### Data
######

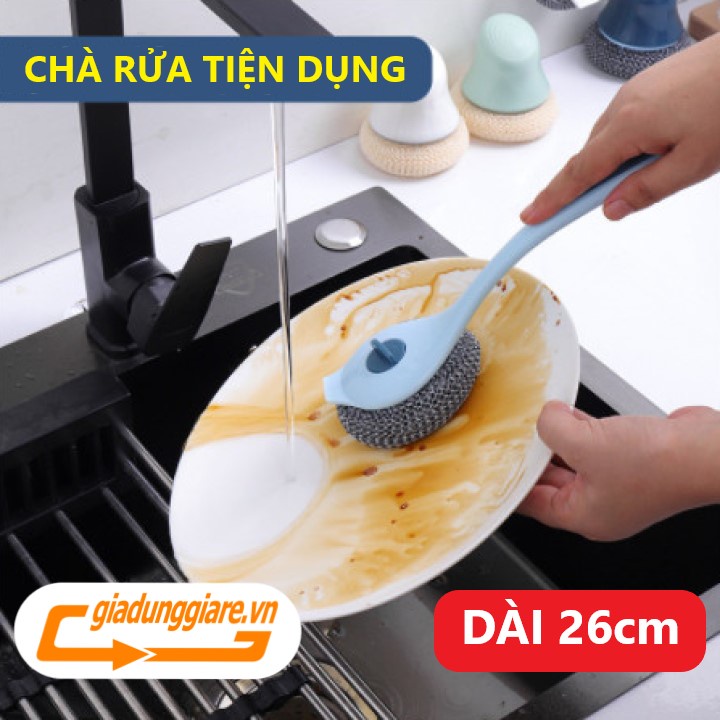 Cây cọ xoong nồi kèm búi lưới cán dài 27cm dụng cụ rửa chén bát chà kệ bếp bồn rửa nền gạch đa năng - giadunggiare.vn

######

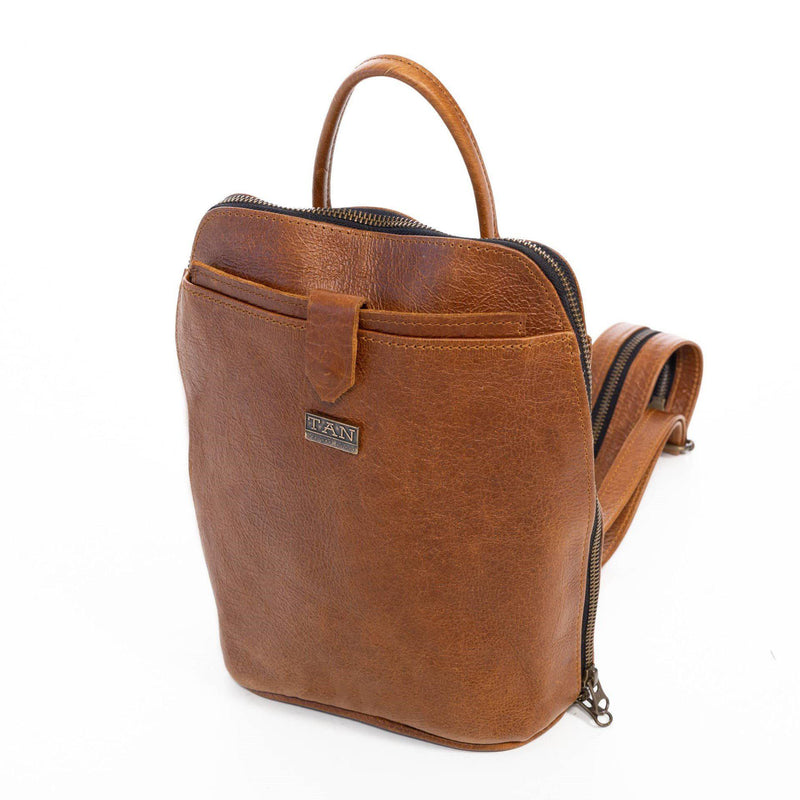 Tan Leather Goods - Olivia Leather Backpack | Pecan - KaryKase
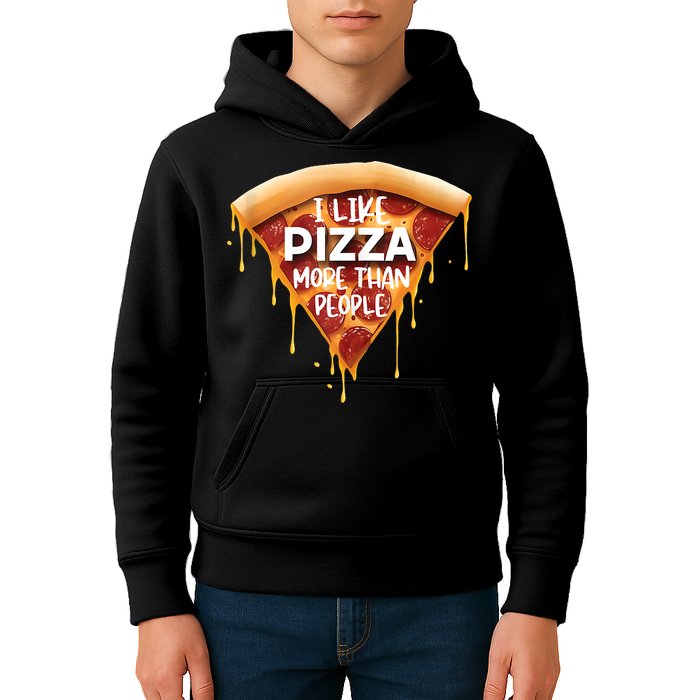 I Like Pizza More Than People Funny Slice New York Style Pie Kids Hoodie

######

### Exercise goal
Using the entries above, transcribe exactly from the line that has "Tan Leather Goods" through the line that has "I Like Pizza". Pictures are dropped.

### Task result
 Tan Leather Goods - Olivia Leather Backpack | Pecan - KaryKase
 I Like Pizza More Than People Funny Slice New York Style Pie Kids Hoodie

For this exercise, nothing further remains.